While I've been as frustrated and dismayed as the next fan over bad calls, it's worth pointing out that SEC referees aren't professionals; none of them, unless things have changed, earn their living as refs. They are attorneys, accountants, salesmen, etc., who just work weekends calling football games. They are middle-aged men trying to judge an increasingly faster-paced game. The situation is the same with the NFL.
As Saban seems to be pointing out, the officials serve for the good of the game, as bad as their decisions can be, without much pay. Perhaps SEC commissioner Mike Slive and other league bosses around the nation should look at professionalizing refereeing, but making it a full-time position would be costly, and what would the refs do during the off-season? They don't have 162 games, like baseball umps do, and an extended season, like NBA refs do. Umps and NBA refs are full-time contractors of their leagues. Training of college football refs could be stepped up, testing increased, standards beefed up. But economics indicate that the football referees will likely remain part-time amateurs who will continue to make glaring mistakes.
My biggest beef with football officiating is the replay. I was happy in last week's LSU-Alabama game when the replay booth lost power; I was hoping that the entire game would continue without the replay, which to me just slows down the game. The replay was supposed to have allowed officials to make the right call, but I don't think I've seen one replayed call overturned this year in SEC football, despite what appears to be overwhelming evidence.
Sure enough, with the replay back, LSU's Patrick Petersen apparently got both feet in bounds on an intereception of a pass by Alabama's Greg McElroy. The video evidence was conclusive, including footprints, and CBS color man Gary Danielsen confidently said LSU would be awarded the ball.
But I knew better. The officials don't want to upset the home crowd, and powerful coaches like Saban. Their standard of "incontrivertible evidence" is so high that no play is ever overturned. So what purpose does the replay serve but to make games even longer and put the officials on center stage rather than the players? Now we all have HD tvs that give the officials' work more glaring exposure. The instant replay gives even more attention to the refs and their bad calls. Often, the instant replay is a crutch for the officials, giving them backing for routine, if close, calls.

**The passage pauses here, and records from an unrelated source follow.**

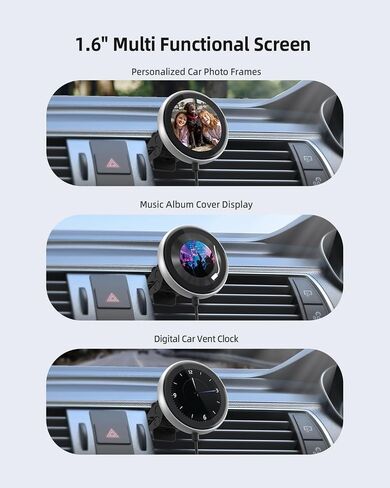 Ottocast Wireless CarPlay Adapter - CarPlayClip CarPlay Wireless Adapter with Visual Smart Screen, Mini Car Play Adapter Quickly Converts Wired CarPlay to Wireless CarPlay for OEM Wired CarPlay Cars in Saudi Arabia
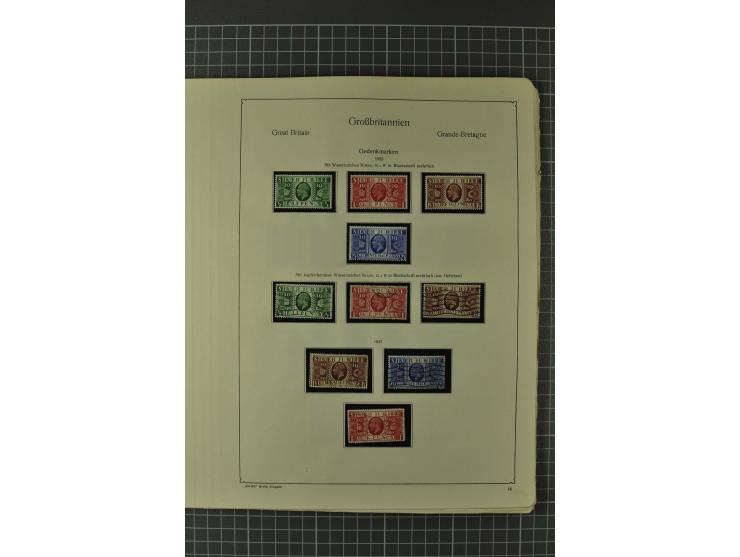 1840/1960, vorwiegend gestempelte Sammlung mit vielen guten Ausgaben, dabei Mi.-Nr. 1(3), 2 im Paar und als Dreierstreifen, M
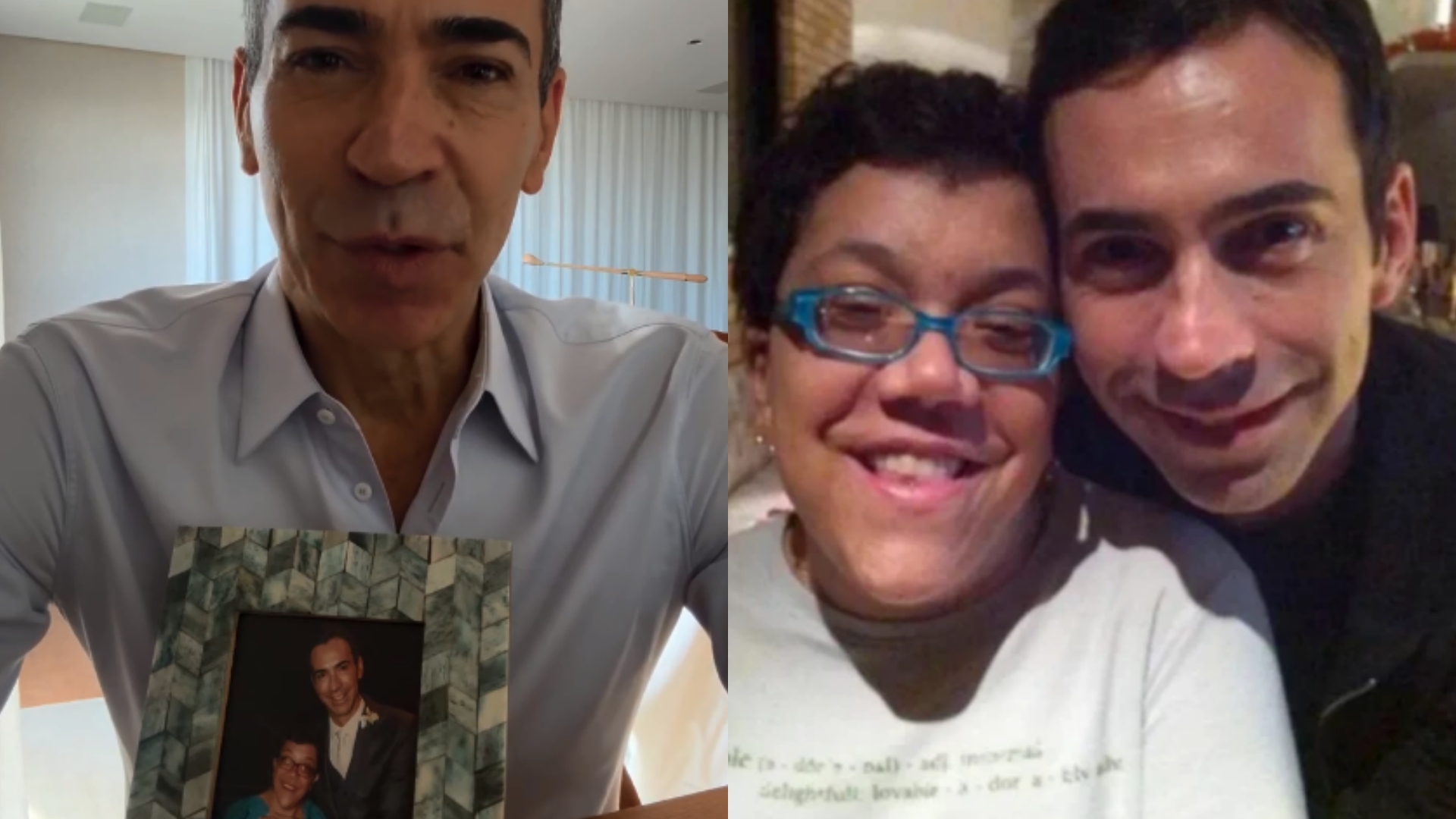 César Tralli relembra a irmã Gabriela em homenagem emocionante sobre valorizar a vida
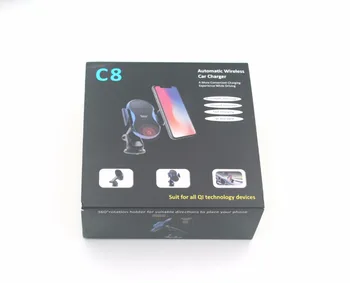 

Automatic sensor Wireless Car Charger with Car Mount Air Vent Phone Holder Cradle for iPhone 8/ 8 Plus/ X Samsung S9 S8 S7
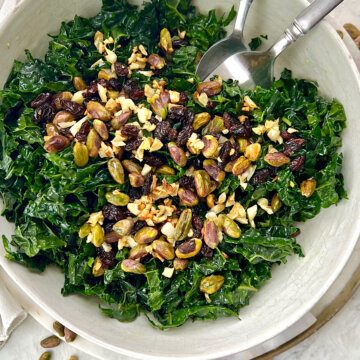 Gut healthy kale salad recipe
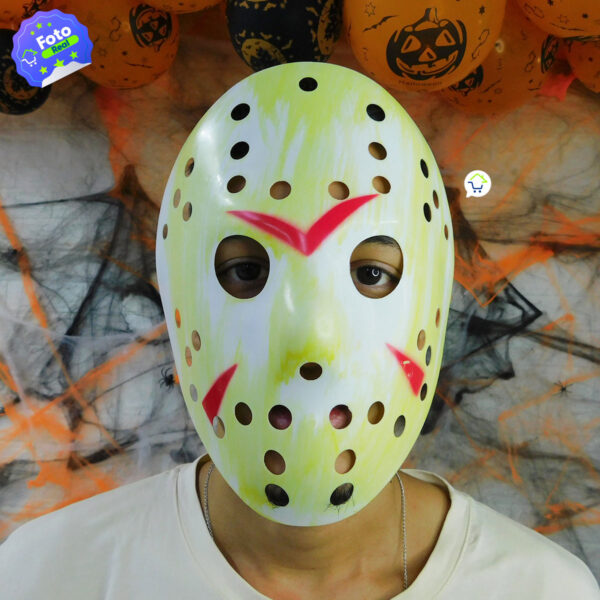 Máscara Asesino Jason Halloween Hockey Disfraz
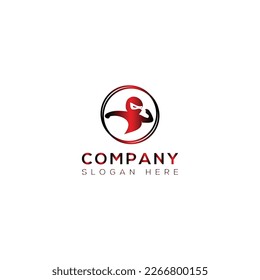 Ninja vector art logo design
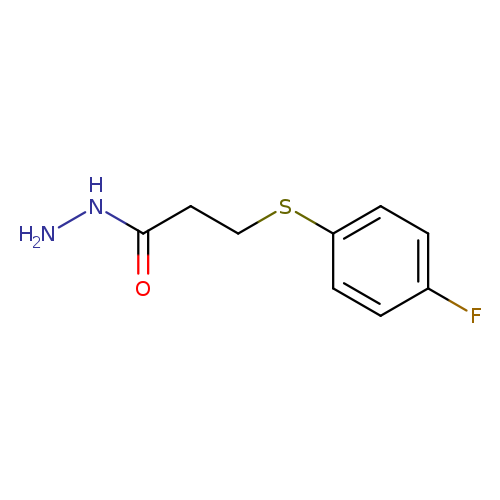 3-[(4-Fluorophenyl)thio]propanohydrazide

I would be happy doing away with the replay all together. Football is a sport. The game is decided by the plays or mistakes made by players, and the judgment of the officials is part of the human element of the game. I'd like more professional officials, but Slive and the other commissioners appear unwilling to make the financial commitment to improve them. If the officials are not going to use the instant replay tool to overturn wrong calls, go back to their judgment on the field. Then we'll never have to hear those deadening words, "the play is under further review."